● SOURCE RECORDS
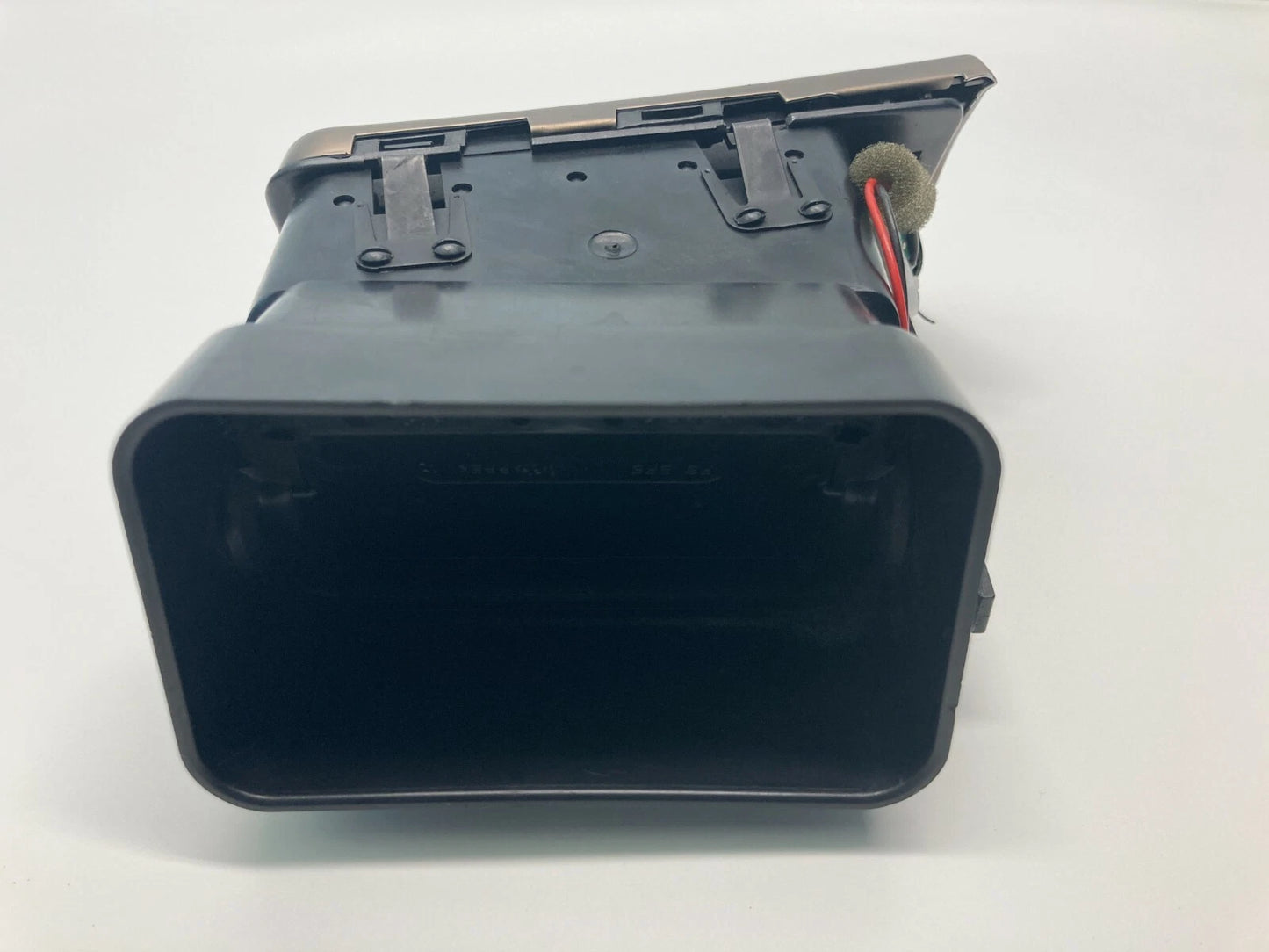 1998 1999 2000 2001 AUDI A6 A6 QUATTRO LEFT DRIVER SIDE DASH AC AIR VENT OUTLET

* * *

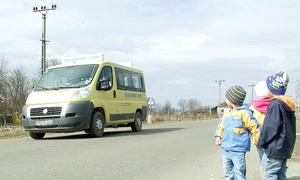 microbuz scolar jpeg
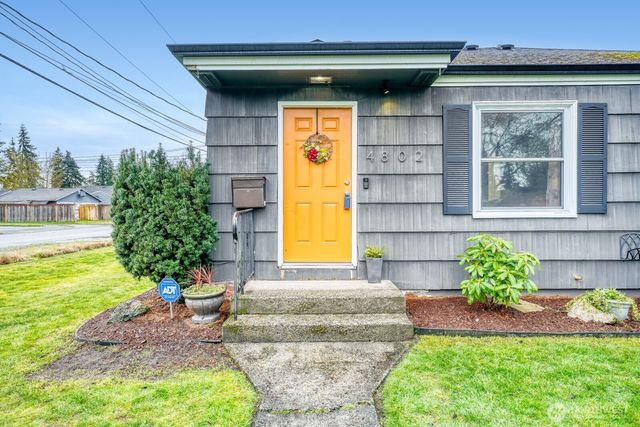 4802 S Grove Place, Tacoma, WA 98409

● EXERCISE PROMPT
Give back exactly the lines of the listing above from the one that contains "microbuz scolar jpeg" up to and including the one that contains "4802 S Grove Place, Tacoma, WA 98409", but not the pictures, and no other lines.

● WRITTEN SOLUTION
 microbuz scolar jpeg
 4802 S Grove Place, Tacoma, WA 98409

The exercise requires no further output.